Jim Hay Poems and Prose

Church, My Son

I was born one week before Christ so I had to go to a Lutheran Kindergarten. In September I was still only four but my mother said I was ready for school. I knew my letters and numbers and could write my name. I wanted a new adventure like riding on the big yellow school bus, but I had mixed feelings about leaving home. Mother was always making homemade apple pies and rolling the leftover pie dough into “Pigs in the Blanket.” On hot days, she would pull down the green window shades so my little brother and I could play with our ray guns in the dark, cool house. Sometimes we got to roller skate right through the living room, office, kitchen, and dining room. A complete circle, good as any roller rink. Everyday we listened to Don McNeil's Breakfast Club on radio and then watched Arthur Godfrey on TV. He had this old guy named Frank Parker singing duets with Marion Marlowe. She looked like a China doll, black lacquered hair, heavy makeup painted on a face of white chalk, and a big beauty mark on her cheek.

The real problem with my going to school was age, or lack of it. As I mentioned, I was born a week before Jesus, December 18, so I was too young to start school in September. My mother wasn't easily dissuaded by silly regulations. She said I was ready for school, so off I went. To a Lutheran Kindergarten. We weren't Lutheran. In fact, my mother was from England so she was Anglican and my father was from Scotland so he was Presbyterian. We had already compromised by attending a Methodist church because it was closest to our house.

The Lutheran Kindergarten wasn't so bad because my grandfather was the janitor there. He always put green oily sweeping compound all over the floors, then we walked around on them for a while before sweeping. That did a perfect job of picking up all the dust. Gdpa taught me to push a pushbroom. “Pushbrooms are for pushing," he would say.

During that year, I got kind of religious, maybe a little too religious for my parents. One night I had a very high fever, becoming delirious. Black cars were driving over my head, millions of them. Whiz, Whiz, Whiz. I might die. I kept repeating, “Don't worry Mother, God will take care of me. He will take me to heaven.” That was too much religion for my mother. First Grade, public school. Gdma and Henry

I spent a lot of time at Gdpa and Gdma's house because they lived right next door. I liked my grandparent's house because everything was kept so perfect, quite unlike my house which was always topsy turvy because of my brother and me. Gdpa and I would work in his basement workshop making toy boats or playing English billiards, then watch TV in the livingroom. We liked “Friday Night Fights” with Ingemar Johansen or Sugar Ray Robinson or “Red Wing Hockey” with Gordie Howe and Terry Sawchuk. Gdpa would peel apples with his pocket knife, one continuous spiral of red unwinding off the apple. We would munch apples and talk hockey. Delicious.

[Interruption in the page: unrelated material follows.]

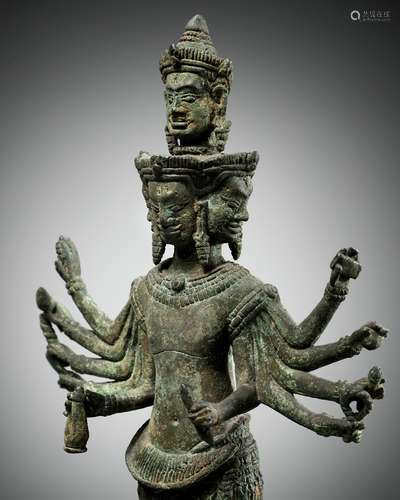 A BRONZE FIGURE OF SADASHIVA, KOH KER STYLE, KHMER EMPIRE, L...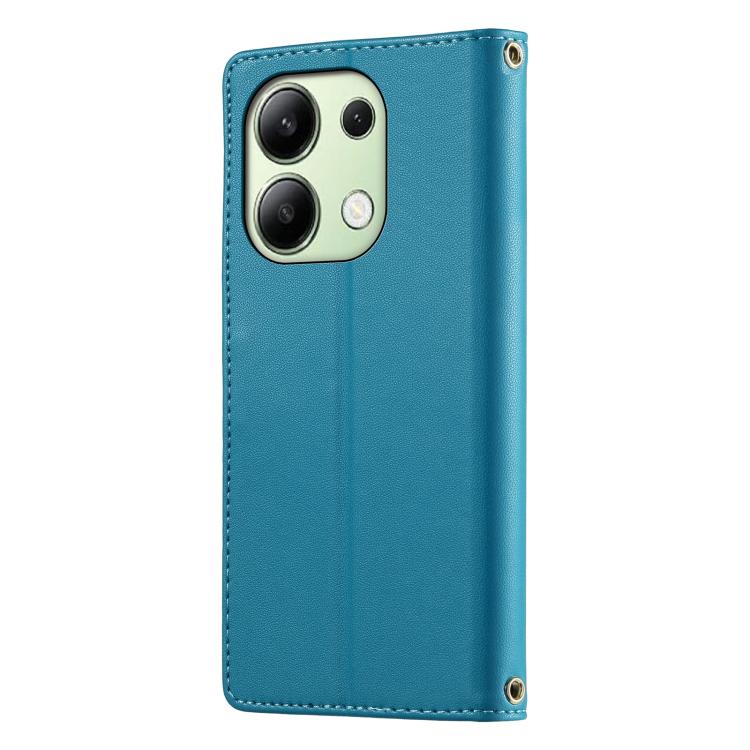 For Redmi Note 13 4G Cute Cats Magnetic Closure Vegan Leather Phone Case with Strap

There was a lot of newfangled food coming along at this time. Margarine was white, like lard, and came in a plastic bag with a red dot of food dye in it. It was my job to squeeze and squeeze the bag (carefully) to mix the color into the white stuff until it all turned yellow like butter. I think this was the dairy industry trying to fight the future.

Another thing was whipped cream in aerosol cans. One time, Gdma made one of her delicious desserts. The whole family waited in mouth watering anticipation as Gdpa tried to figure out how to use the new whipped cream. He didn't know the can had to be facing upside down so he shook and shook the can, set it on the table and pressed the nozzle. WHOOSH! ALL THE CREAM shot onto the ceiling like skywriting. That was it for fake stuff in that house. The dairy industry had nothing to worry about at 30521 Seven Mile Road.

That same year, my grandmother died. That was really too bad because she was a real grandmother. She was quite small, had white hair, wore little wire grandmother glasses and dresses with small flowers on them. Whenever she went out in Gdpa's 1941 Ford, she would wear a nice little hat and sensible Gdma shoes with short heels.

My grandfather became a little lonely after Gdma died. He would still work in his garden caring for currants and gooseberries and other things that seemed kind of English to me. My brother and I were most interested in Gdpa's grapes. Every year in the fall, the grape arbors were loaded with purple concord grapes and we could pick them to sell by the roadside. Our road was four-lane, connecting Detroit with towns to the west. Cars whizzed by and some of those whizzing cars meant grape jam-makers. Bob and I would pick bushels of grapes and place them as near the road as we dared, and wait. We always wore spanking clean white aprons. Mother said this was good for business.

We would sit on chairs behind the overflowing purple treasure and watch every car's approach, Sometimes there was a lot of waiting before a true grape jam-maker would drive by. During the lulls, we would have Ford and Chevy counting contests. If a neighbor kid came by, he got Plymouths. There were never as many Plymouths. If a big Mack truck rumbled past, we would all jerk our arms up and down trying to get the truckdriver to pull his air horns. When he went “TOOT, TOOT," we would jump up and down, cheering wildly. Being young entrepreneurs was fun in those days.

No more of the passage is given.